Problem statement:
Please set down only the lines below starting with the line with "Valerie Grove at" and going on through the line with "Minecraft Videoları Fakir", verbatim and without pictures.

The input:
+ + +

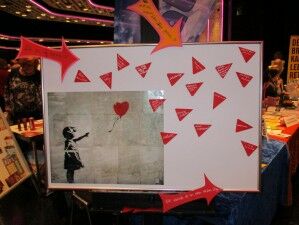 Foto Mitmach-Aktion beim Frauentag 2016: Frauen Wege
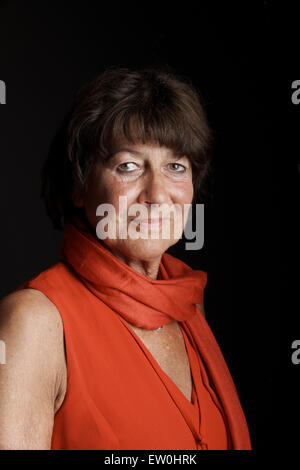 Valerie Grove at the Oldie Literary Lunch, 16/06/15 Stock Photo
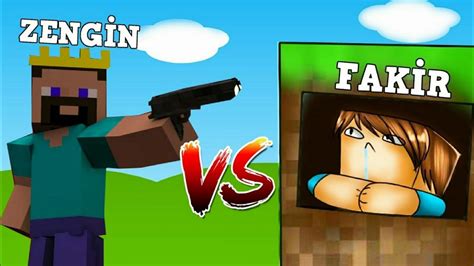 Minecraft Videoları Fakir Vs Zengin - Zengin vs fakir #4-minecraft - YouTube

+ + +

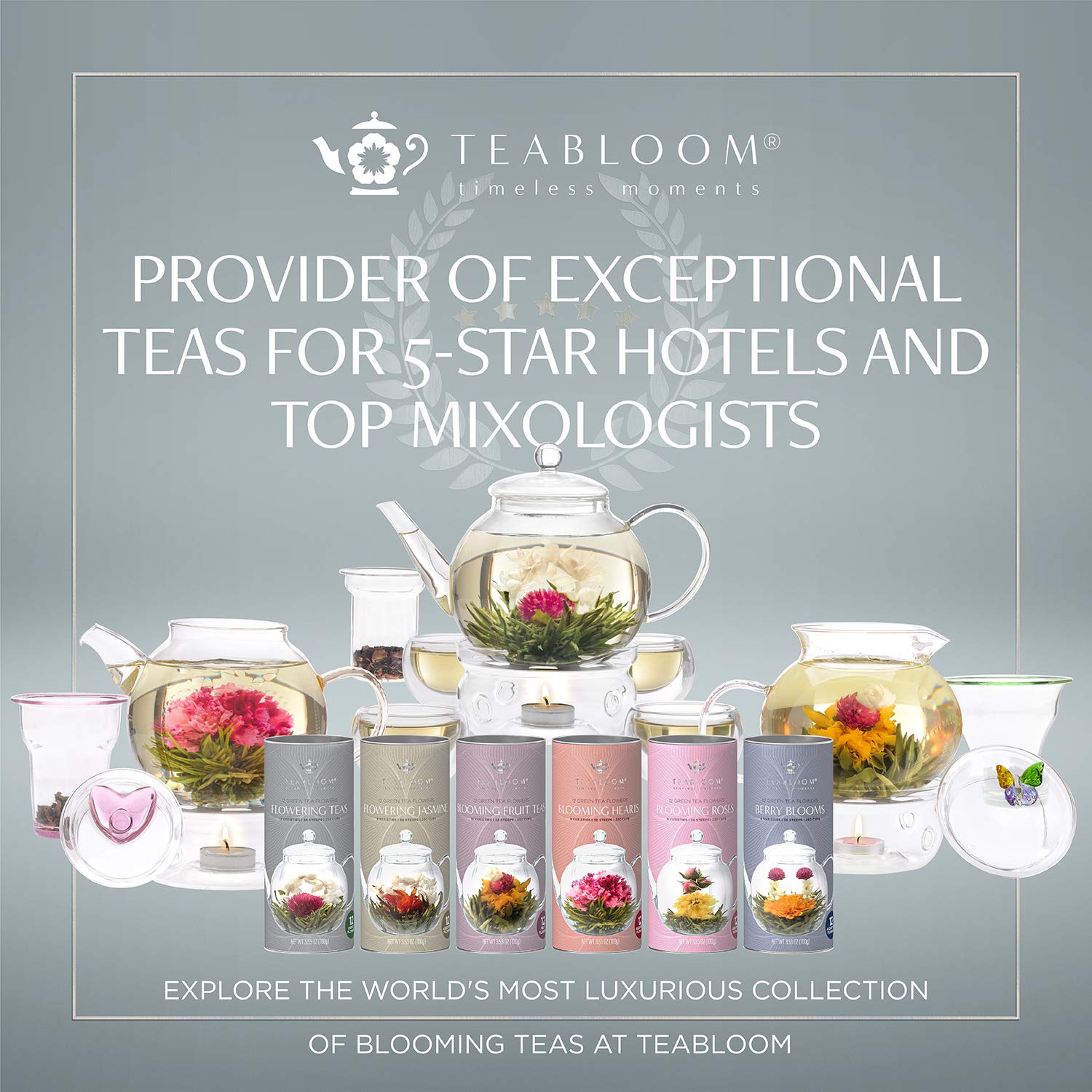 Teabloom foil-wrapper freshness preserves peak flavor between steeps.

+ + +

Answer section:
 Valerie Grove at the Oldie Literary Lunch, 16/06/15 Stock Photo
 Minecraft Videoları Fakir Vs Zengin - Zengin vs fakir #4-minecraft - YouTube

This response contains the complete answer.